Determine if a unicode character exists in a unicode subset

354 Views Asked by At

I'd like to find a way to determine if a Unicode character exists in a standardized subset of Unicode characters, specifically Latin basic and Latin-1. I am using Python 2 and the unicodedata module but need a solution that works in 3 as well because my job will be upgrading soon.

My current thinking is to use the Unicode Scripts.txt file and parse it into some kind of dictionary to search through. The problem is that the format of the Unicode codes in that file are like this.

02B9..02C1

and Unicode points in python are like this

`u'\xe6'

I do not know how I'd go about comparing these two things. I guess it's hexadecimal, and Python's representation is just another way of representing hexadecimal.

Are there any existing JSON data sets of Unicode subsets and their characters I can reference? Googling has turned up nothing. Would it be best to just make one from the Wikipedia page since the dataset is relatively small?

1

There are 1 best solutions below

2
On

02B9 .. 02C1 are hexadecimal code points of these characters. Using unicodedata.name you can get their names:

import unicodedata 
for i in range(int('02b9', 16), int('02c1', 16) + 1): 
    char = chr(i) 
    print(hex(i), char, unicodedata.name(char))  

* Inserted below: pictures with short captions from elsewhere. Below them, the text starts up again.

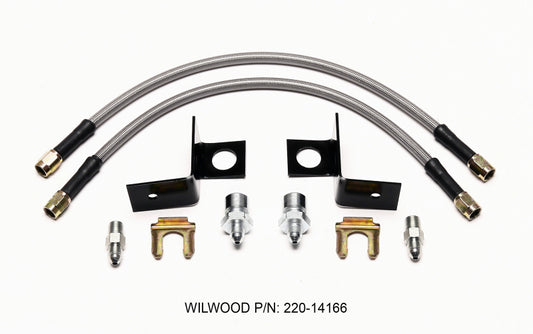 Wilwood Flexline Kit 14 inch -3 M10-1.00 IF 1/8 NPT Straight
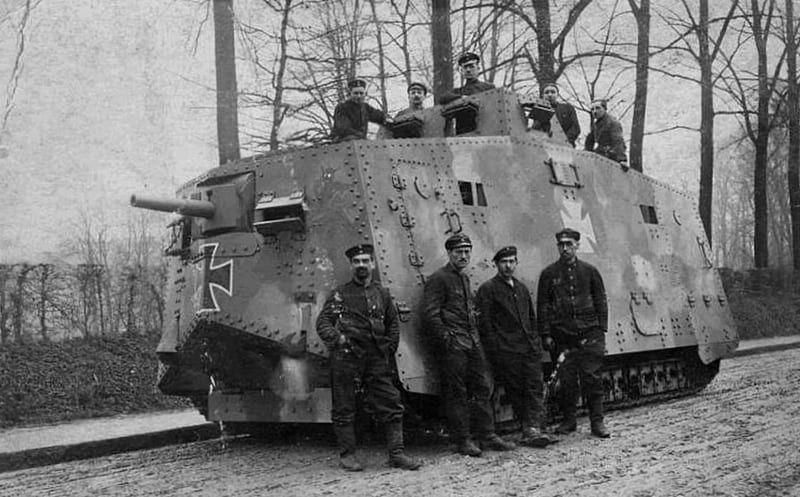 WW1 German A7V tank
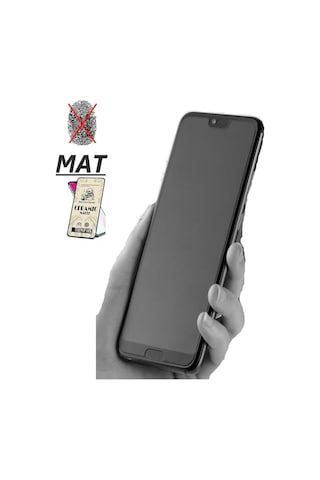 Huawei P20 Lite Mat Ekran Seramik Tam Kaplayan Kırılmaz Cam Nano Ekran Koruyucu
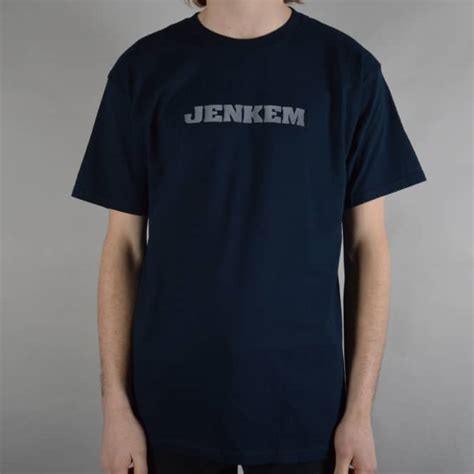 Jenkem Neue Logo T Shirt Navy Skate Clothing From Native Skate Store Uk
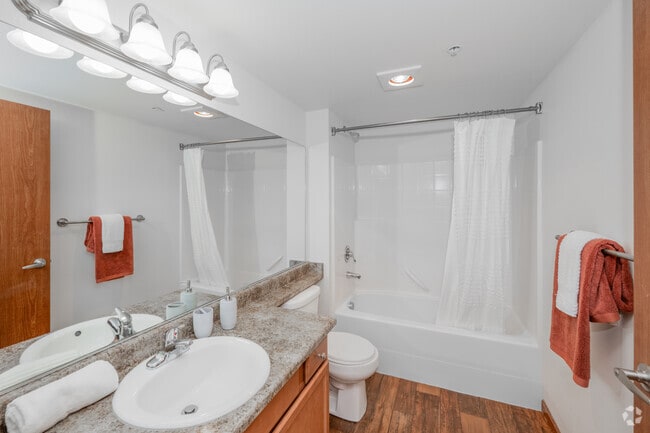2BR, 1BA - 740SF - Bathroom - Viewpoint Apartment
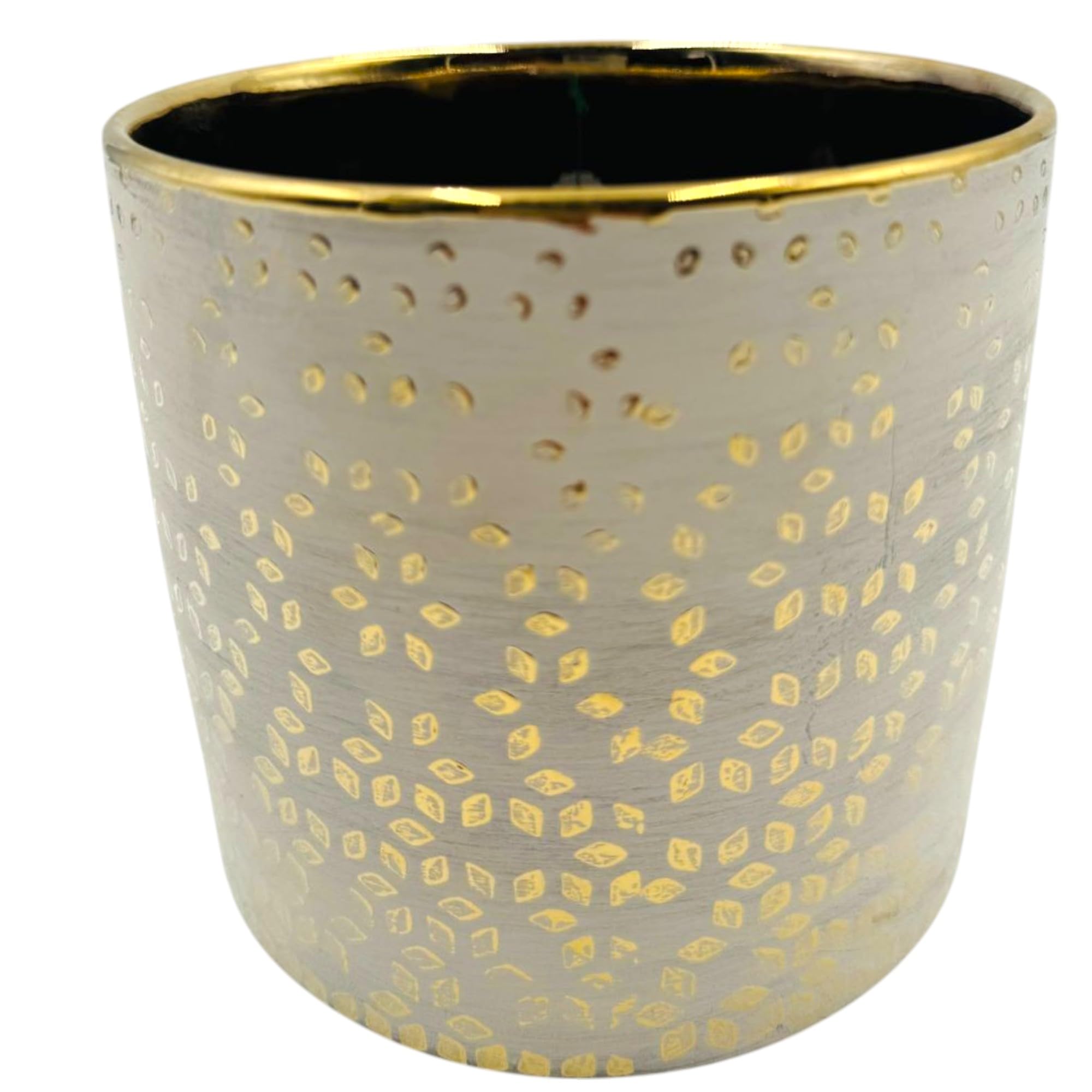 Round Ceramic Flower Pot - Modern & Boho Decor -12 Round Ceramic Flower Pot - Modern & Boho Decor -12
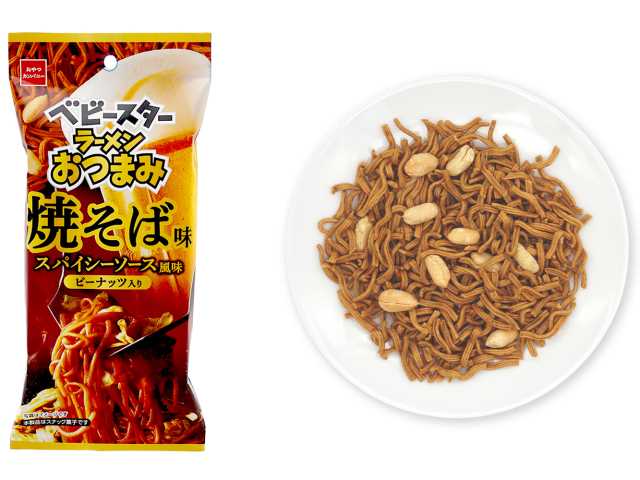ベビースターラーメンおつまみ 焼そば味スパイシーソース風味 セブンイレブン 商品画像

0x2b9 ʹ MODIFIER LETTER PRIME
0x2ba ʺ MODIFIER LETTER DOUBLE PRIME
0x2bb ʻ MODIFIER LETTER TURNED COMMA
0x2bc ʼ MODIFIER LETTER APOSTROPHE
0x2bd ʽ MODIFIER LETTER REVERSED COMMA
0x2be ʾ MODIFIER LETTER RIGHT HALF RING
0x2bf ʿ MODIFIER LETTER LEFT HALF RING
0x2c0 ˀ MODIFIER LETTER GLOTTAL STOP
0x2c1 ˁ MODIFIER LETTER REVERSED GLOTTAL STOP

If you want to know, whether they are subset of Latin-1, you can try to convert them into that (or any other) encoding:

import unicodedata 
for i in range(int('02b9', 16), int('02c1', 16) + 1): 
    char = chr(i) 
    try:
        char.encode('latin1')
    except UnicodeEncodeError:
        print(char, False)
    else:
        print(char, True)

All of them will return False because they are not subset of Latin1.